Sebbene chi ne soffra, ritenga di essere vittima di un fenomeno unico, e per questo non così facilmente condivisibile, quella del chiodo fisso è un’esperienza universalmente diffusa. I chiodi, fissi o meno, sono essenzialmente pensieri; pensieri brutti, osceni e sconcertanti nel contenuto, minacciosi, disgustosi; pensieri che rimandano a degli esiti catastrofici per la propria salute, per la propria reputazione, per l’integrità delle persone vicine. Possono coglierci come fulmini a ciel sereno, oppure essere innescati da un fatto concreto; e chiunque di noi ne è ”vittima”.

Vengono chiamati pensieri intrusivi, proprio a sottolinearne la modalità di apparizione alla nostra coscienza, nel senso che catturano la nostra attenzione per la loro “stranezza”. Gli argomenti terrifici a cui rimandano sono prototipici; in genere i più diffusi riguardano pensieri che conducono al timore di essere “cattivi, pericolosi”, disgustosi in termini morali, oppure disgustosi in termini in termini fisici, epidermici. Ma essenzialmente, la cosa più importante, è che sono pensieri, cioè semplici fenomeni cognitivi, che intrattengono una relazione con il cervello come quella tra le foglie e gli alberi, o meglio ancora come quella tra le nuvole e il cielo.

Così, se non ci soffermiamo particolarmente sul fatto che nella nostra mente si affaccino pensieri positivi, non altrettanto facciamo se nella nostra mente si affacciano pensieri brutti. In quel caso, ci chiediamo il perché di quel pensiero, il perché lo abbiamo generato, e ce ne sentiamo in colpa; colpa, magari di essere una persona cattiva, perchè crediamo che le persone buone questi pensieri non li facciano, e riteniamo che questi pensieri non vengano a caso, ma che possano essere prodotti solo dalla mente di una persona che cova desideri terribili, osceni. I chiodi diventano quindi più o stabilmente “fissi” nella misura in cui crediamo a quanto sopra; cioè che per i pensieri positivi valgano leggi diverse che per i pensieri negativi. E diventano ancora più fissi se riteniamo ci sia un modo per non averli, e che ci sia un modo per essere sicuri che che non significhino le cose che temiamo.

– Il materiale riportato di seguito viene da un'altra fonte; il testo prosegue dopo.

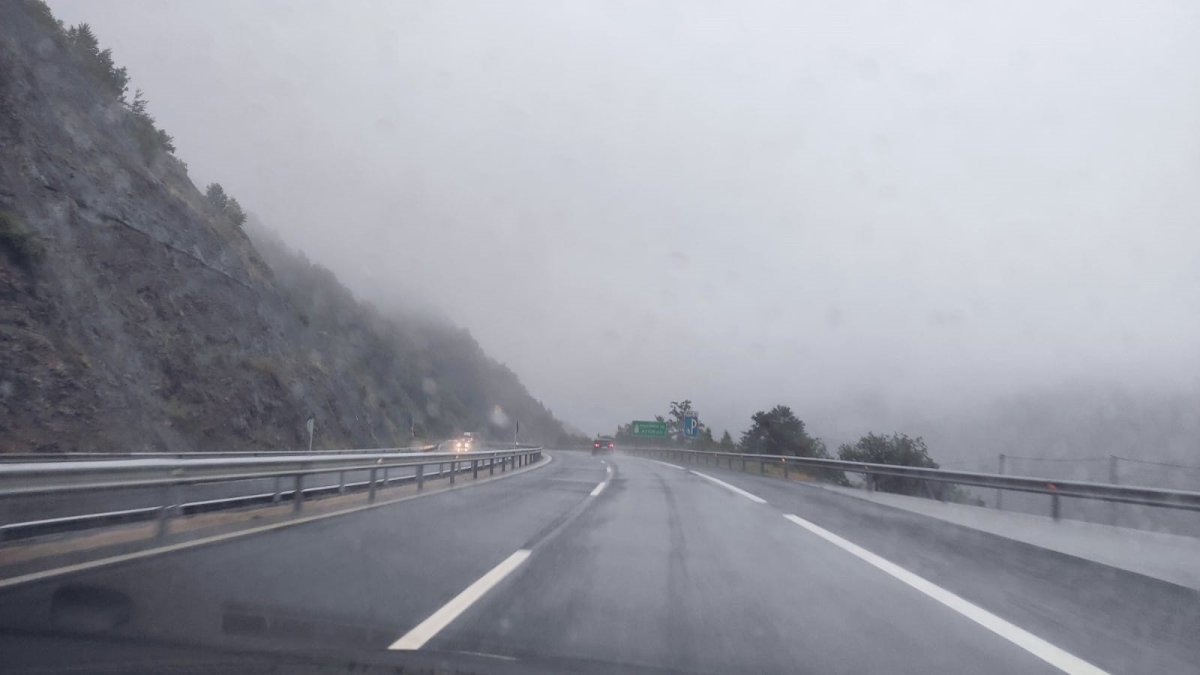 Autopista entre León y Asturias.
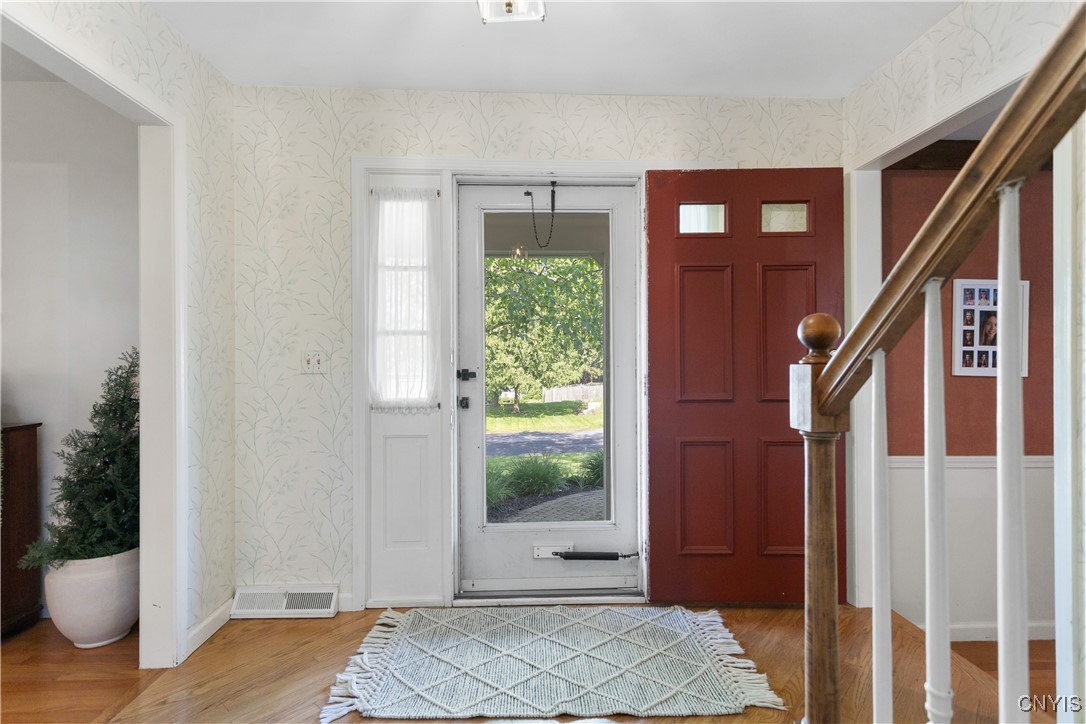 8178 Old Sunridge Drive, Manlius, New York image 5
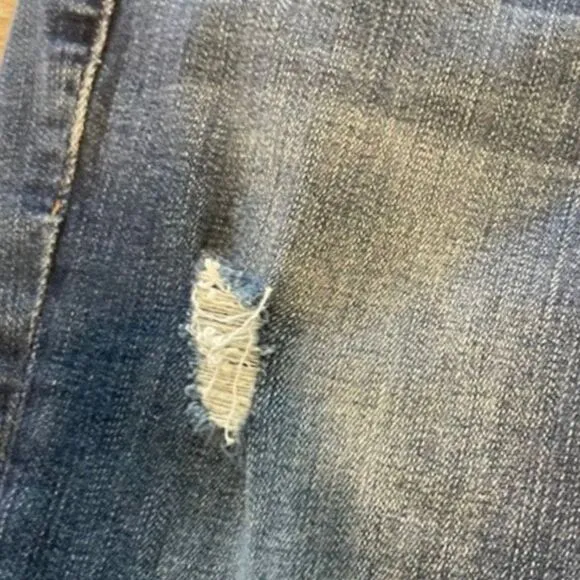Frame Le Skinny de Jeanne Triangle Hem Jeans Blue Medium Wash Distressed Denim 2
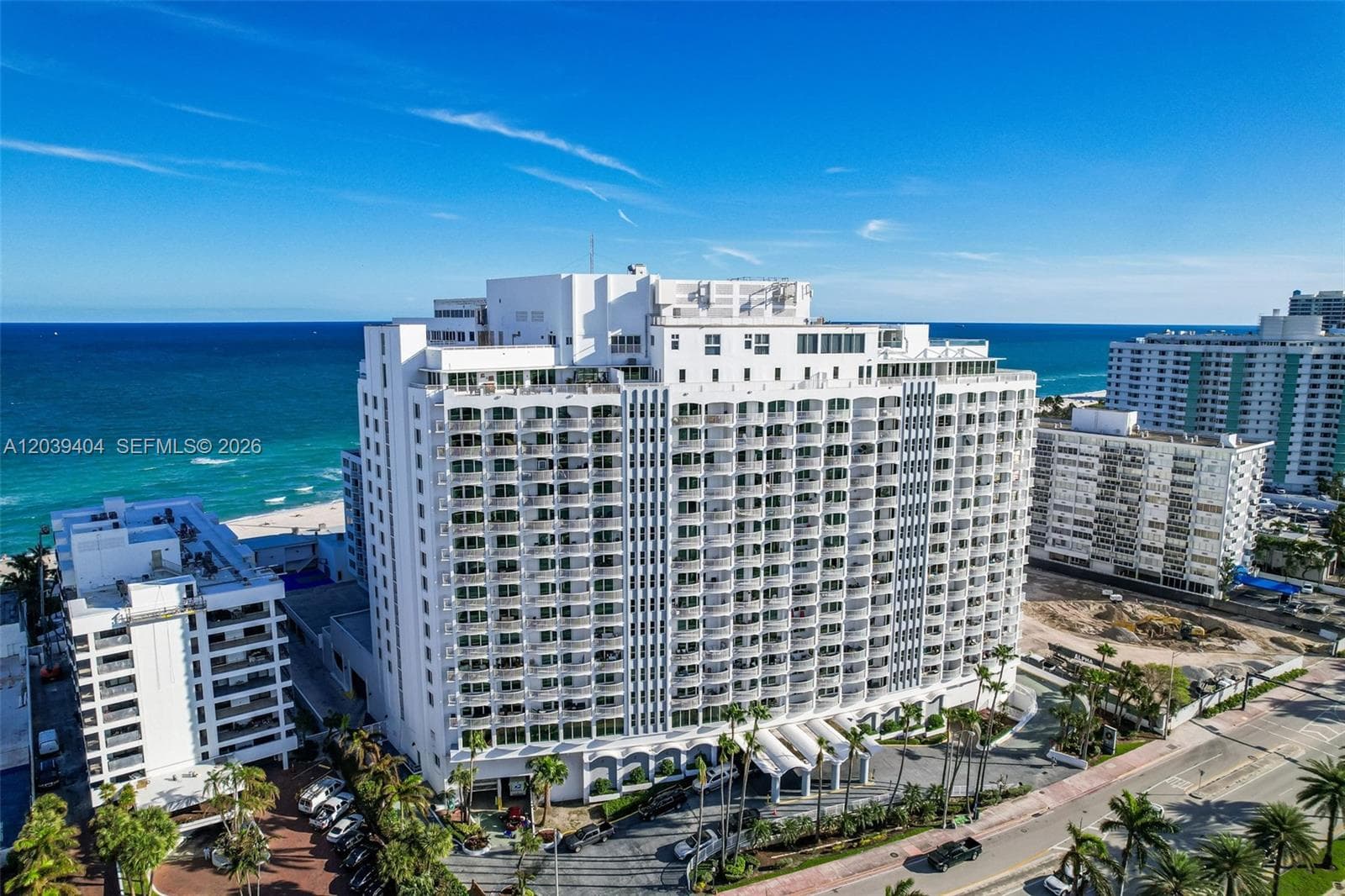 A12039404 — Miami Beach — 22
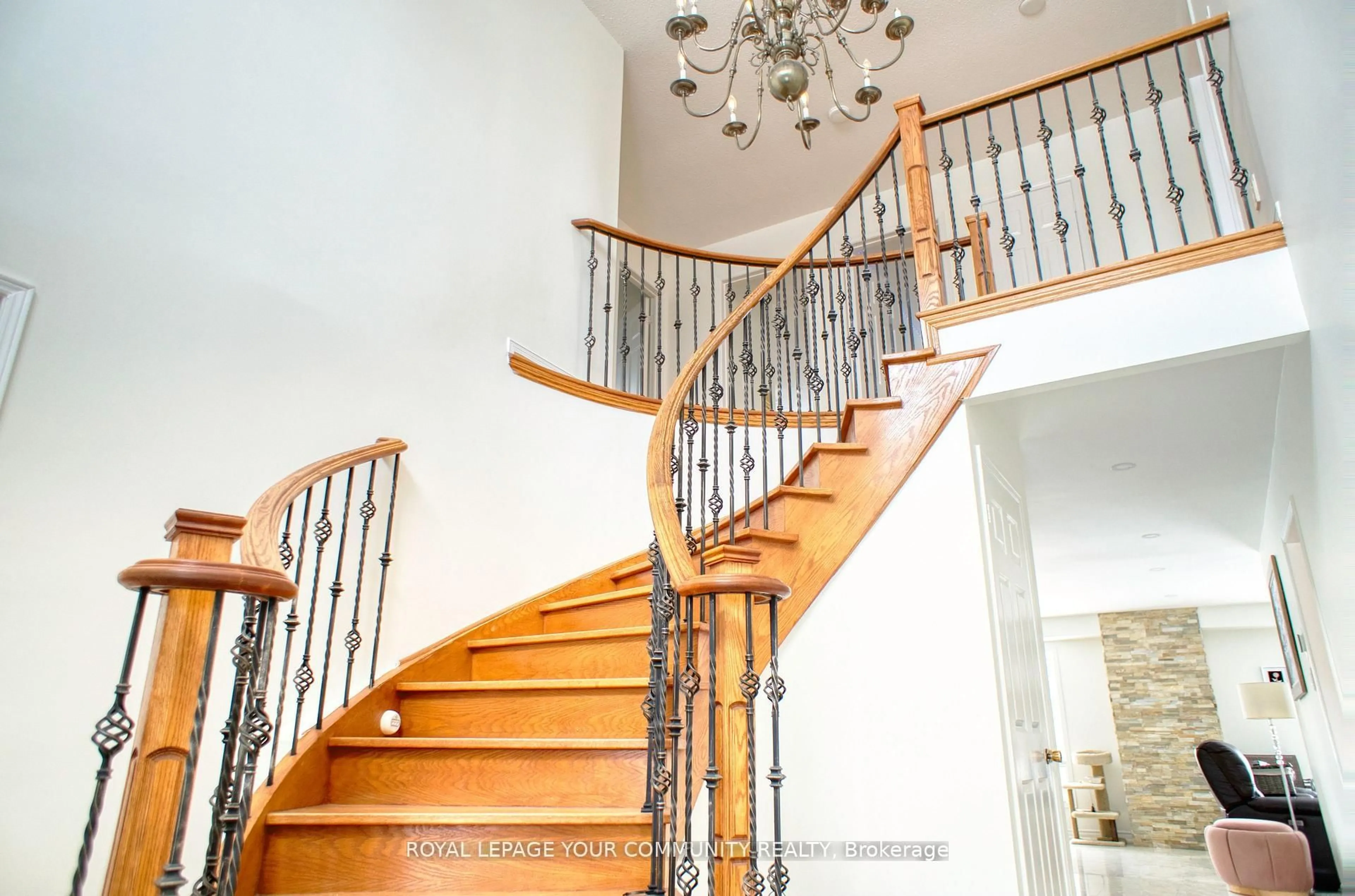 Stairs for 34 Beasley Dr, Richmond Hill Ontario L4C 7Z5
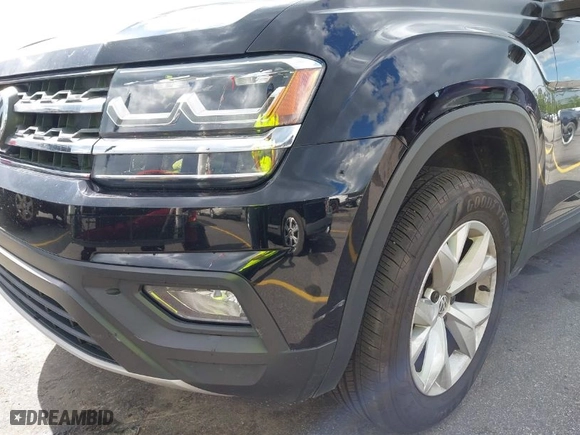 2018 Volkswagen Atlas 3.6L V6 SE with VIN 1V2CR2CA7JC570238, listed as a IAAI auction lot 42028477 with 85,210 mi miles. Bid and sale history available at carsss.com. Image 6.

Allora un fenomeno casuale, come quello di un pensiero intrusivo, che tutti hanno, diventa un fenomeno causale, perchè la strategia che noi adottiamo per non averlo è la più efficace per la sua riproduzione.

Il nostro intervento, quindi è rivolto a quelle convinzioni che trasformano un’esperienza universale come quella dei pensieri intrusivi, il nostro chiodo, in un problema che può condurre a livelli anche gravi di sofferenza e menomazione della propria vita quotidiana. Intervenire, quindi, non sul chiodo, ma sui quei processi che lo rendono fisso.